Beyond modern Filipino architecture and design, Pineda says the New Clark City is a display of both potential and
“To be able to have a clear and tangible message of what we want to be as a nation has been a very strong challenge for us,” he says. “It’s not easy because it is first a major investment of the country and if we do not do this properly, we are losing the opportunity to present something that we should have been presenting a long time ago.”
This city, after all, is a multi-faceted opportunity. In fact, an area just outside it shows the site of what will be the country’s first national sports high school.
Pineda and the rest of the team’s choice to turn to nature for design inspiration is not just for authenticity. It’s also for practicality.
This is evident in their development and use of lahar, a material abundant in the area. The firm has opted to use it as concrete finish, possessing an organic and raw appearance to it.
“Working on New Clark City, we create from humble and simple materials like lahar that is not only authentic to Filipino identity, but also practical.”
Pineda calls this design approach practical luxury, which deviates from the use of expensive materials. Straying away from “too many accessories and dressing it up” keeps it from being a maintenance nightmare.
“We then create luxury by design,” he says. “Even if the Philippines is not yet a First World country, we do not have to wait to be one. We believe that Filipinos can enjoy the same luxury as long as we design something that is best for Filipinos.”

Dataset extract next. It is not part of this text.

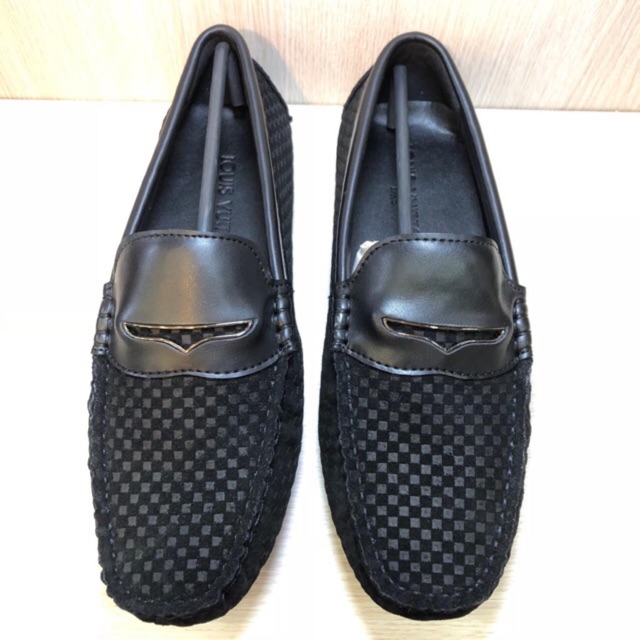 SEPATU LOAFERS LOUIS VUITTON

Phase 1B of construction in New Clark City is set to start right after the 2019 SEA Games officially ends on December 11.

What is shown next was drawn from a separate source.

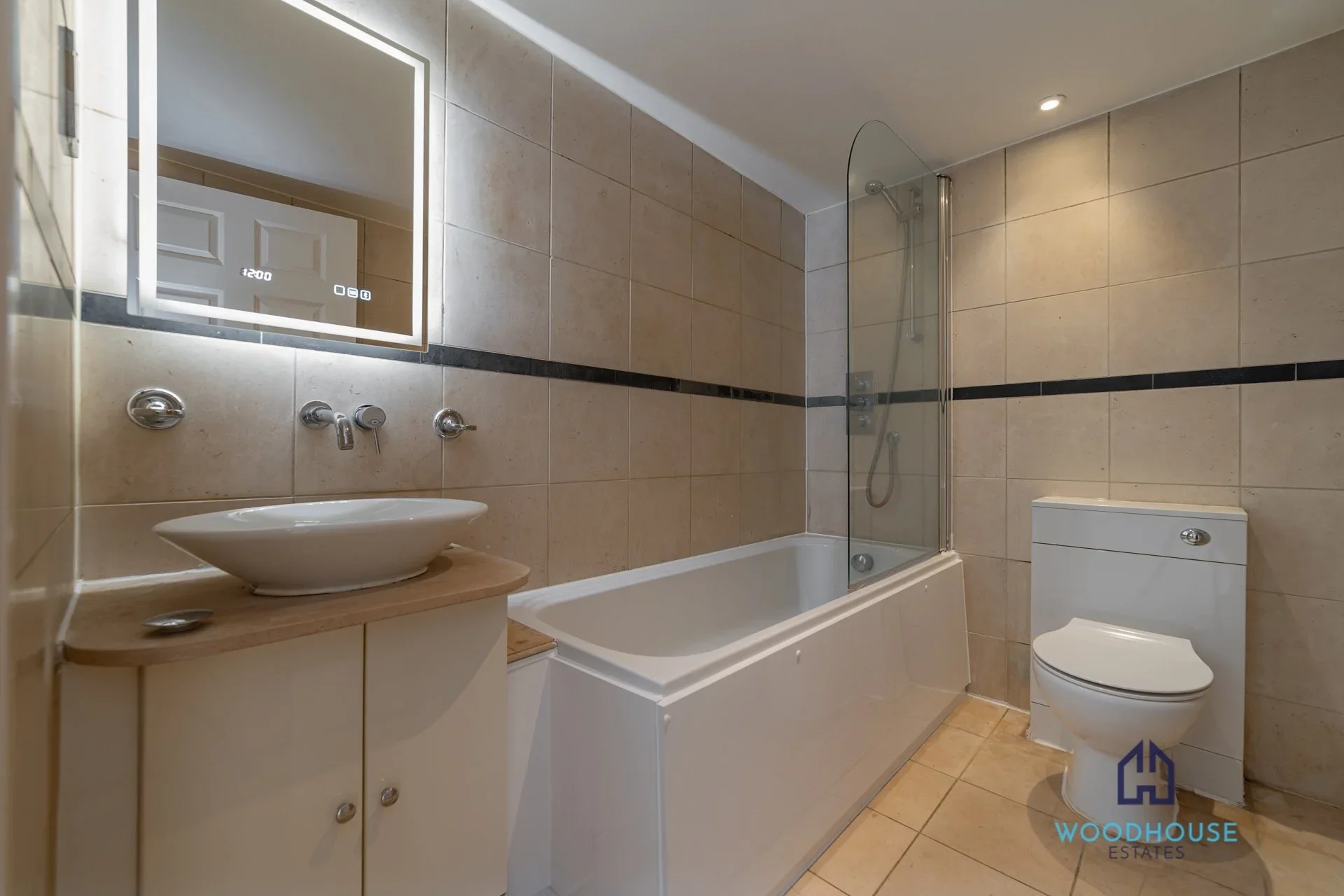 Flat Royal Drive in Greater London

“We’re just showing you the tip of the iceberg,” Pineda says. “This place promises the future of the Philippines. We can tell ourselves, ‘It’s possible. We can do it. We can be global. We can be progressive.’ Isn’t it amazing that you start to establish confidence, dignity, and honor in what you have designed?”
On whether they will be involved in the upcoming construction phases of New Clark City, Pineda says they hope so.

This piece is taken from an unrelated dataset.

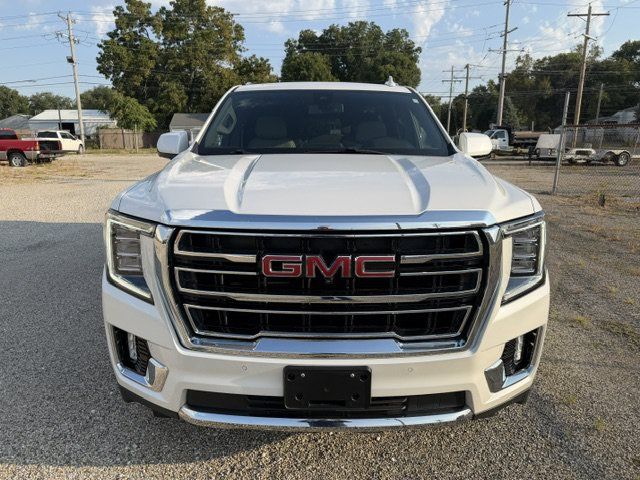 Used 2022 GMC Yukon SLT w/ SLT Premium Package AWD/4WD image 8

“We’d like to continue being part of the project,” he says. “We want to make sure that further development in the area will carry the authentic, modern Filipino sensibility consistently.”
Dizon says maintaining New Clark City could mean privatizing it.
“That’s critical, especially in maintaining the sports facilities, the Athletes’ Village, and the parks,” he says in a separate conversation.
If somebody else executes the upcoming phases, Pineda says guidelines in building more structure and how the city should be maintained are now being put in writing, a design bible of sorts.
“I think it will always be best to talk to the old source of modern Filipino sensibility,” he says. “We hope we can do more because we really want to make this very consistent.”
Pineda hopes people who come to New Clark City to experience what being a modern Filipino is like.
“They will see Filipino elements here but in a global standard,” he says. “I’d like people to see that this is not a copy of a city somewhere in Europe or UAE, that we are not trying to be someone else and that we are not being pretentious. Instead, I want this to show that the Philippines is another variety and that we have a gift we can offer to the world.”